Divide the dough into portions of 100g
each.
Round off and coat with a little ghee.
Cover the dough and leave for at least
8 hours or overnight for better results.
(The dough colour should be off-white)
Grease the table with ghee. Flatten
the dough and pat.

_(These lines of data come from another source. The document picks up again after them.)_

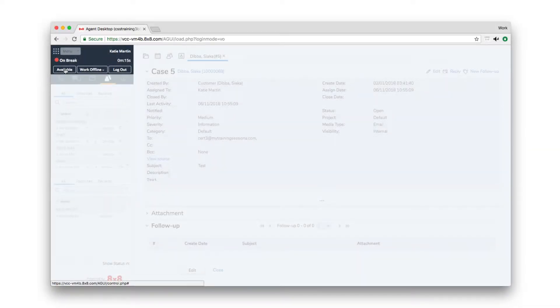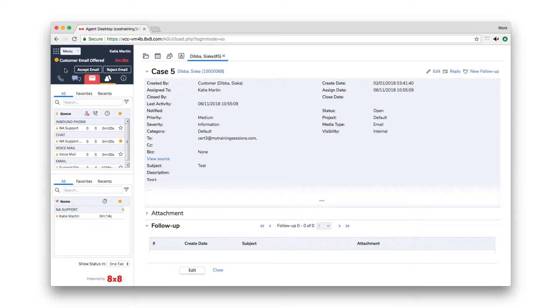VCC handles emails similarly to phone transactions and will route emails to the next available agent. If you are assigned to the email queue, the email tab will blink red when an inbound email is offered to you. Click Accept Email.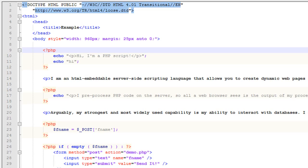Hey, John Morris here, and in this video we're going to talk about variables. Variables allow us to store information for use in PHP. We're going to talk about how you construct them, how they work, and a little bit about what you can do with them. First off, let's talk about the syntax of defining a variable.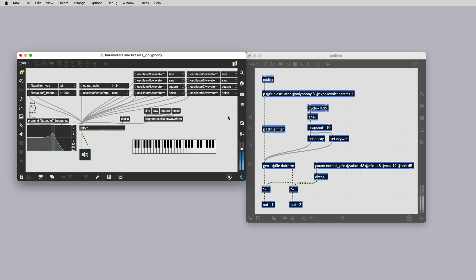For more details about parameters specific to each export target, see the relevant target video in this series and corresponding articles. Happy patching!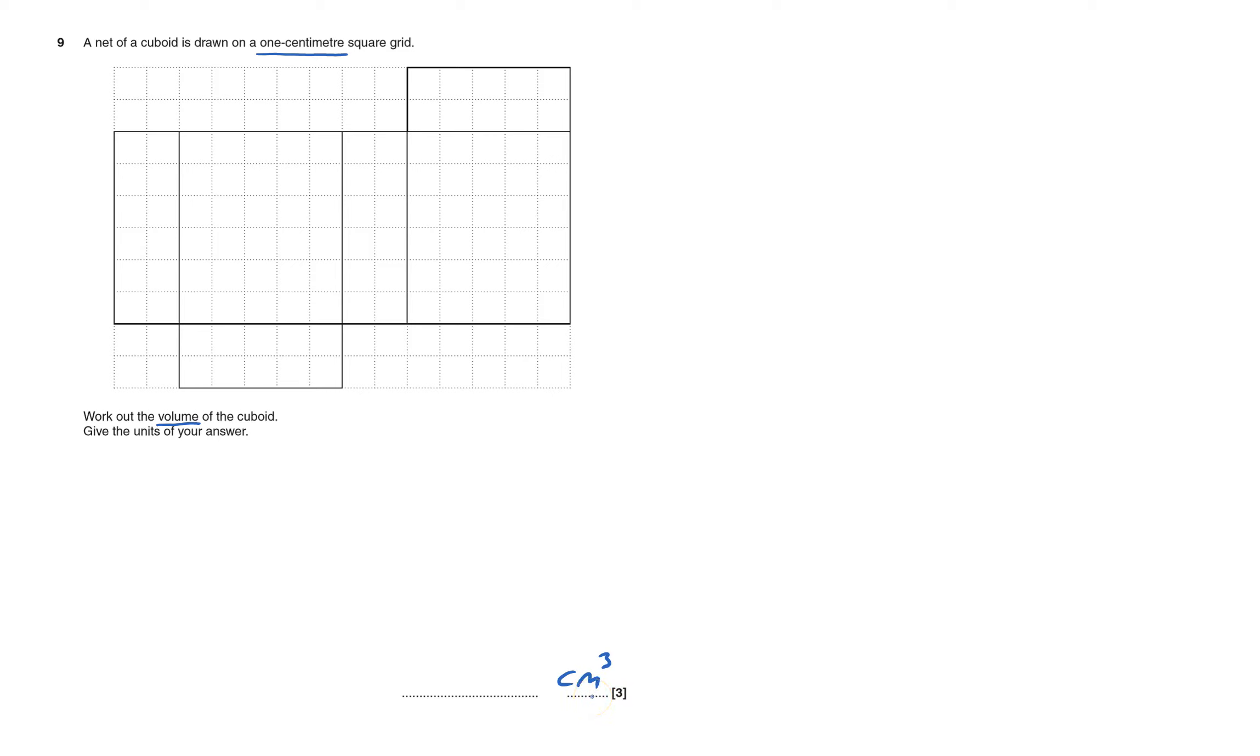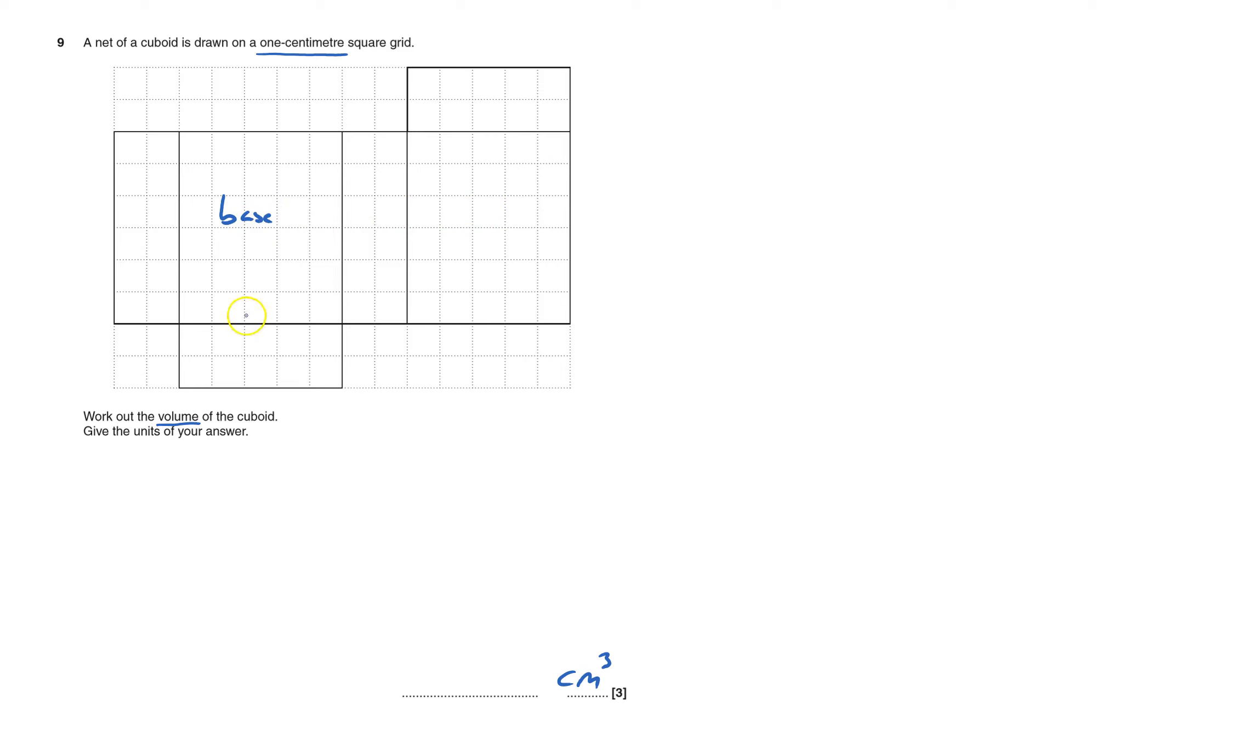Now I've got to work out the volume. If I call this the base, it doesn't have to be, but either this one's the base or that one. Then this would fold up, that would fold on top, this would become the top. The volume of a prism is the area of the base, which is five times six, so the area of the base is 30 centimeters squared.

Stretch it in a circular
motion with your hands to make a found
thin film. (See illustration)
Fold the sides of the dough to the
center.
Melt a little ghee on a griddle and
fry till golden brown.
TRADITIONAL CHRISTMAS FRUIT CAKE
250G PrimaFlour Plain Flour
250g Butter
200g Brown Sugar
5 Eggs
5 tbsp Brandy
Mixed Fruits:
{200 g Currants
{150 g Sultanas
{150 g Raisins
{100 g Mixed Peel
{50 g Red Cherries
{50 g Green Cherries
{50 g Almond Nibs
Ground Cinnamon to suit
Vanilla Essence to taste
Instructions
How to Decorate a Christmas Fruit Cake
Spread the whole cake with a thin layer
of jam.
Cover the cake with a thin layer of
marzipan.
Trim off excess marzipan.
Spread royal icing onto the marzipan-covered
cake.
Decorate the cake as desired.
Fruit Cake
Grease a cake tin and line it with a
double thickness of greaseproof paper.
Cream butter and sugar at medium speed
till light and fluffy.
Add eggs a little at a time and blend
till smooth.
Add vanilla essence and brandy.
Reduce to low speed and gradually fold
in sifted PrimaFlour Plain Flour and ground
cinnamon.
Add mixed fruits and almond nibs.
Pour batter into the cake tin, and
bake at 160° for 1½ hours.
When cool, remove paper; prick at intervals
with skewer and spoon a little brandy
evenly over the surface.
To Store: Wrap the cake in fresh greaseproof
paper and then in aluminum foil. Store in an airtight
container and keep in a cool place.
To Season: Spoon brandy evenly over surface every
2 weeks for 3 months or till date required.